Now the Real Data Starts

Trader-7 has won its last five trades. Hundred percent win rate. By the all-time numbers it has been profitable for seven months: roughly a hundred trades, 33% win rate, +$910 P&L on a $3,000 starting balance, Sharpe 1.23.
By the honest read, I do not yet know what my system does.
Five trades is not a sample. The all-time 33% is not a measurement either. It is an average across three different versions of the system, separated by a regression I shipped in April that took weeks to surface. The clean window of operating data I can actually trust is six days old. Five of those trades are positive, with two showing the full trail-protection lifecycle for the first time since the strategy baseline reset.
This is the post I have been heading toward across the rest of this series. Posts one and two laid out why retail can't win the funds' game and how to start finding the one you can. Post three was about the operational discipline a system needs before its outputs can be trusted. This one is the next step in that argument: even with a system that tells the truth, you still need a long enough stretch of stability for what it is telling you to mean something.
Seven months of tinkering bought me the system. The stable run starts now.

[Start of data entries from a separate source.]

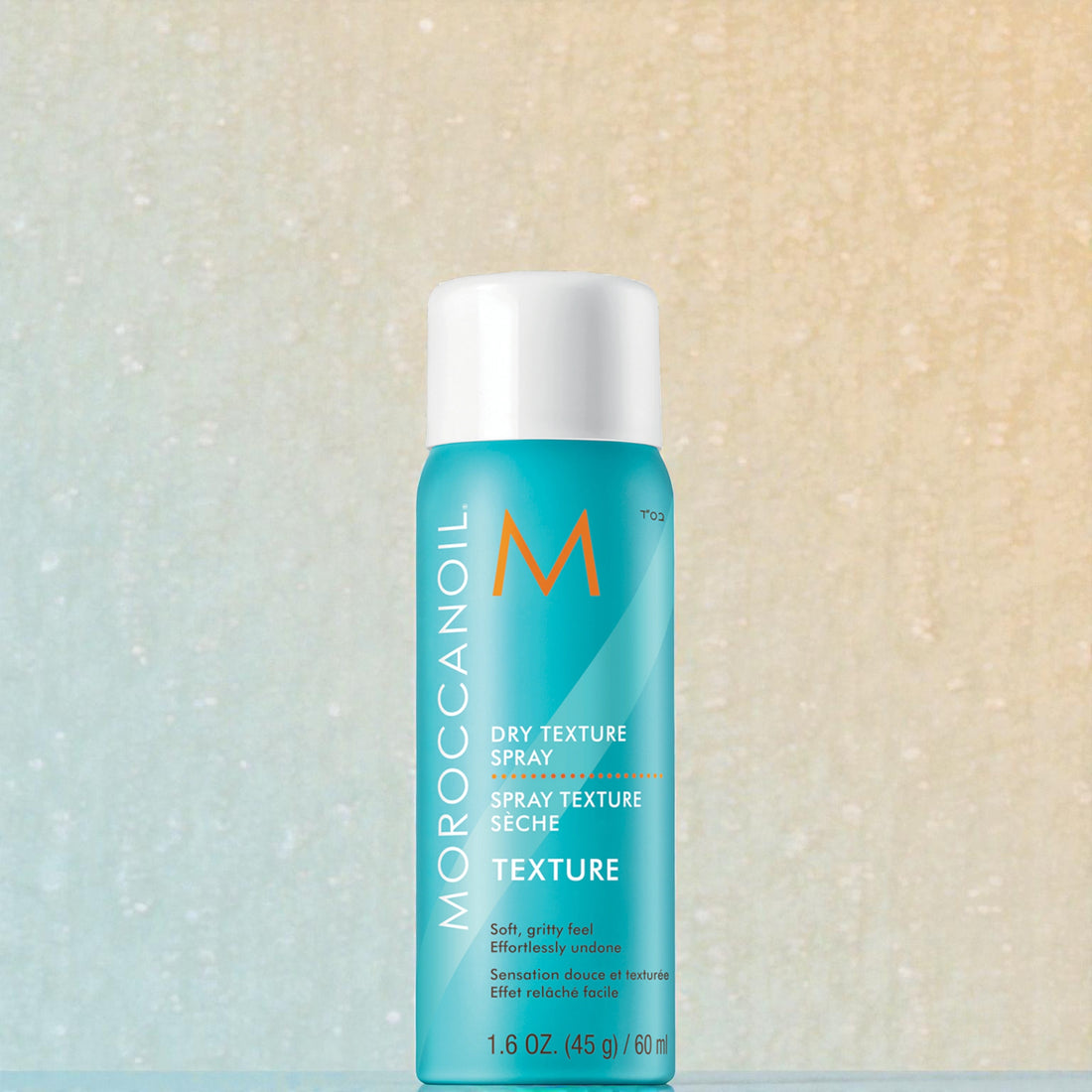 Moroccanoil Dry Texture Spray 60ml-Haarstyling-Selective Shop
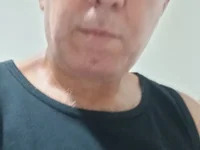 Pgross1 avatar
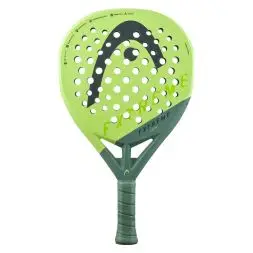 Head Extreme Elite 2023 padel bat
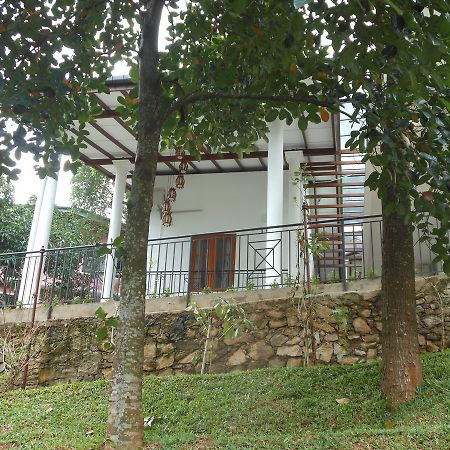 Lavender Hills Home Stay Kandy Exterior foto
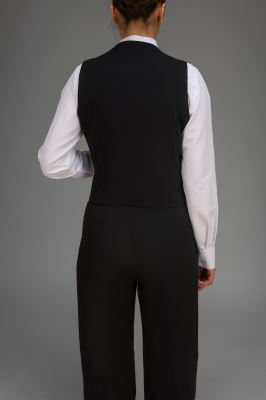 ژیله تک زنانه 460014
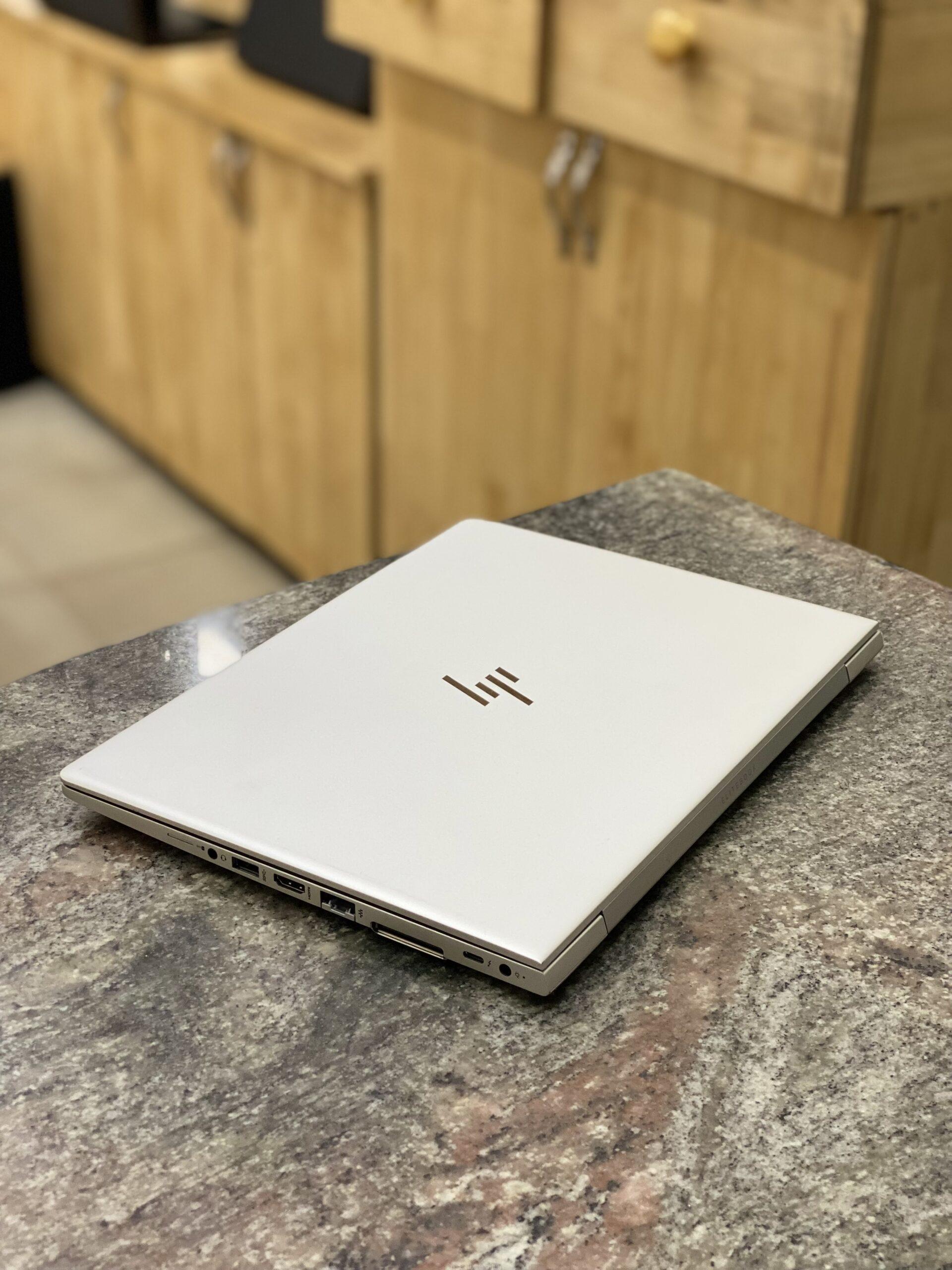 Hp Elitebook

What 33% all-time is actually averaging
The naive read of Trader-7's seven months is straightforward. A hundred trades. 33% win rate. +$910 P&L. Sharpe 1.23. Those are not headline-grabbing numbers, but they're not bad. By the standards of most retail trading bots they would count as a quiet success.
The problem is the average is hiding three different systems.
For the first 114 trades, ending 19th April, the system ran at 41% win rate. The long side was working. Capital had grown to nearly $4,700.
Then I shipped Sprint 120. It removed a rule called _MIN_SMA50_DISTANCE because the rule felt restrictive. The rule had been quietly filtering out long entries where price was too close to the 50-period moving average: entries near a likely mean-reversion zone where the momentum thesis was weakest. Removing it let those entries through.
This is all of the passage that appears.